Top of Exercise materials

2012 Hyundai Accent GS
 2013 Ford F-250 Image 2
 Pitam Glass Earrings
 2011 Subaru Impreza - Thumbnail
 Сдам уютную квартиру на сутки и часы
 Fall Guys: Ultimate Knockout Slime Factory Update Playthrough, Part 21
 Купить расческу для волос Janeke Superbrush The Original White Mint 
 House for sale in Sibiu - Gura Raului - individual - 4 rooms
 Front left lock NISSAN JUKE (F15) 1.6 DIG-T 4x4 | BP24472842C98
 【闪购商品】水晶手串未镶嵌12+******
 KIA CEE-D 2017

Bottom of Exercise materials

What is required: Reproduce exactly, with nothing added, the lines from the one that contains "Front left lock" to the end of the data.

Answer area:
 Front left lock NISSAN JUKE (F15) 1.6 DIG-T 4x4 | BP24472842C98
 【闪购商品】水晶手串未镶嵌12+******
 KIA CEE-D 2017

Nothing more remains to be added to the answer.